Continuous Spectrum: The continuous spectrum exists wherever $\omega(\lambda)$ is positive, and you can see the reason for the original use of the term continuous spectrum. You have an integral sum of eigenfunctions over a continuous range of eigenvalues. Later, the definition evolved in order to study this is a more abstract setting. The continuous spectrum in Quantum corresponds to unbound states. The discrete spectrum $\{ \lambda_{n} \}$ corresponds to actual bound states with perfectly well-defined energies. In these cases $\phi_{\lambda}$ is not in $L^{2}$ for $\lambda$ in the continuous spectrum, even though integrals over the smallest intervals with respect to $\omega(\lambda)d\lambda$ are in $L^{2}$. Wave packets that you encounter in traditional trigonometric analysis are there in the most general context of continuous spectrum. You don't have pure states in the continuous spectrum, but you have approximate pure states--as close as you want.

Answer 2

This is a continuation of what I posted earlier. What follows are two examples of how the theory is applied to the trigonometric functions where $V=0$. The equation is in the limit point case on $[0,\infty)$ because $e^{i\sqrt{\lambda}x}\in L^{2}[0,\infty)$ while $e^{-i\sqrt{\lambda}x}$ is not, where $\sqrt{\lambda}$ is the branch whose branch cut is along the positive $x$ axis. So there is only one condition at $x=0$ of the form $Af(0)+Bf'(0)=0$ which can be imposed in order to arrive at a selfadjoint problem. No condition is needed at $\infty$, and none can be imposed--that's the consequence of the limit point case.

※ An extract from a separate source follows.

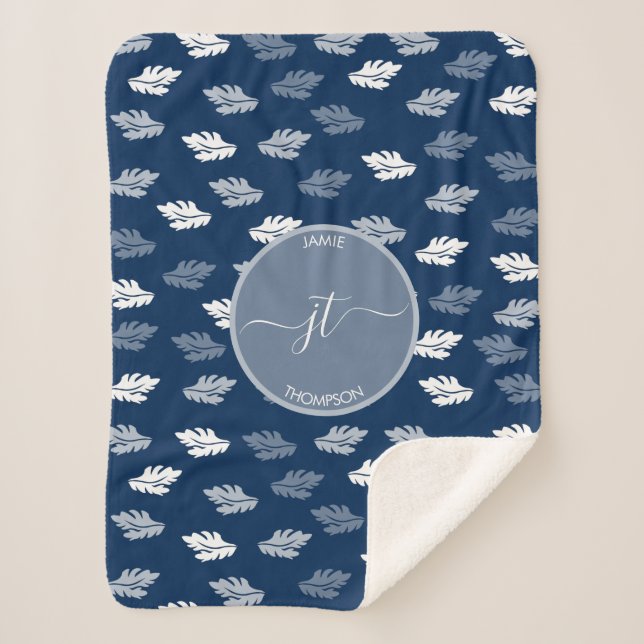 Navy Blue Antique Blätter Muster Monogram Sherpadecke (Vorderseite)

The most general domain for $Lf = -\frac{d^{2}}{dx^{2}}f$ consists of all twice continuously differentiable functions $f$ on $(0,\infty)$ such that $f$, $f'$ are continuous at $0$, and $f,Lf \in L^{2}[0,\infty)$. Then $L$ becomes selfadjoint when imposing one condition at $x=0$ on the domain of the form $Af(0)+Bf'(0)=0$ for real constants $A$, $B$ with $A^{2}+B^{2}\ne 0$. I'll look at a couple of cases because one gives only continuous spectrum, while the other gives rise to continuous spectrum and an eigenvalue, too.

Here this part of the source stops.